Une morsure nous permet de trouver cinq nouvelles espèces de serpents cachées parmi les cartels de la drogue colombiens

Tout a commencé il y a plus de dix ans, lorsque le chercheur Lucas Bustamante mordu le doigt d’une main par une vipère quand Je l’ai pris en photo lors d’une expédition dans la jungle colombienne. « J’ai ressenti des douleurs locales intermittentes, des étourdissements et un gonflement. J’ai dû prendre un antidote dans les deux heures et ils m’ont donné trois doses », se souvient Bustamante.

C’est la morsure d’une nouvelle espèce, une vipère à cils de Rahim, qui a donné lieu à des recherches menées par la Fondation Khamai, qui viennent de se conclure par la découverte de cinq nouvelles espèces. dans les jungles et les forêts nuageuses de Colombie et d’Équateurqui vient d’être publié par le magazine Systématique évolutive.

Avant l’enquête, ces vipères, reconnues comme étant le plus attractif de la planèteavait été classée par erreur comme faisant partie d’une espèce unique et très variée qui s’étendait du Mexique au nord-ouest du Pérou.

Les vipères à cils se distinguent par un ensemble d’écailles gonflées ressemblant à des épines au-dessus de leurs yeux. Cela leur donne une apparence attrayante et effrayante, même si les scientifiques Ils ne savent toujours pas pourquoi ils ont fini par développer cette caractéristique au cours de leur évolution. Ce qui est sûr, c’est que certaines populations présentent des cils plus longs et plus stylisés que d’autres, ce qui a amené les chercheurs à envisager l’existence d’espèces non découvertes.

Les vipères à cils sont également célèbres pour une autre caractéristique : elles sont polychromes.

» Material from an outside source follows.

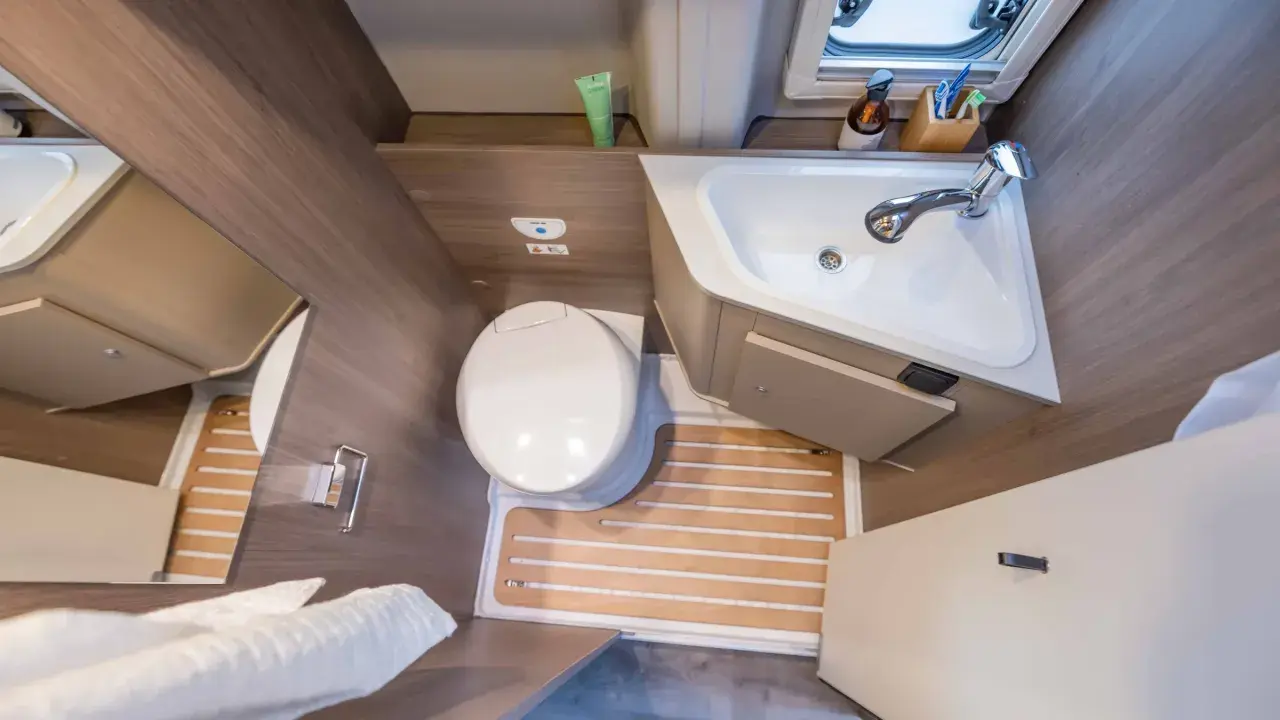 Salle de bain arrière de camping-car : toilette, lavabo et douche intégrée. Pratique pour les voyages.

Dans la même zone de forêt tropicale, vous pouvez trouver des individus turquoise, mousse ou dorés, qui font partie de la même espèce malgré des vêtements complètement différents. « Il n’y a pas deux individus de la même coloration.« , pas même ceux qui appartiennent à la même portée », explique Alejandro Arteaga, directeur de la recherche.

Les différentes variétés coexistent et se reproduisent entre elles, mais la raison de ces incroyables variations de couleurs est encore inconnue, même si l’on pense que cela leur permet d’occuper une plus grande variété de positions d’embuscadedes branches couvertes de mousse aux héliconias jaune vif.

V

Trois des cinq nouvelles espèces sont endémiques de la chaîne de montagnes orientale de la Colombie, où elles occupent des forêts nuageuses et des plantations de café. L’une d’elles, la vipère de Rahim, se cache dans la forêt tropicale isolée et vierge de Choc, à la frontière entre la Colombie et l’Équateur, une zone considérée comme « complexe à visiter » par les enquêteurs, en raison de la présence de cartels de la drogue. La vipère à cils de Hussain se trouve dans les forêts du sud-ouest de l’Équateur et de l’extrême nord-ouest du Pérou. Les chercheurs soulignent l’importance de la conservation et de la recherche dans la cordillère des Andes et ses vallées en raison de la mégadiversité qui reste à découvrir.

« Le venin de certaines, et peut-être de toutes, nouvelles espèces de vipères est considérablement moins mortel et hémorragique que celui de la vipère à cils typique d’Amérique centrale », explique Lucas Bustamante, co-auteur de l’étude.

Quatre des espèces du groupe sont confrontées à un risque élevé d’extinction. Entre 50 et 80 % de son habitat a déjà été détruitet ce qui reste nécessite une réponse rapide pour le sauvegarder.

forme marron

Deux des nouvelles espèces de vipères, la vipère à cils de Rahim ( Bothriechis rahimi ) et la vipère à cils de Hussain ( B. hussaïni ), sont nommés respectivement en l’honneur du prince Hussain Aga Khan et du prince Rahim Aga Khan, en reconnaissance de leur soutien à la protection de la biodiversité mondiale menacée dans le monde entier par le biais de Focused On Nature (FON) et du Réseau Aga Khan de développement. La vipère à cils du ShahB. rasikusumorum ) honore la famille Shah, tandis que la vipère à cils de Klebba (B. klebbaï ) et la vipère à cils de Khwarg (B. khwargi ) honorent respectivement Casey Klebba et le Dr Juewon Khwarg pour avoir soutenu la découverte et la conservation de nouvelles espèces.

« La situation des vipères à cils est critique. Leur beauté, bien que digne d’être célébrée, doit également être soigneusement protégée et surveillée, car les braconniers capturent les vipères des arbres pour leurs propres besoins. commerce illégal d’animaux sauvages exotiques comme animaux de compagnie », prévient Arteaga.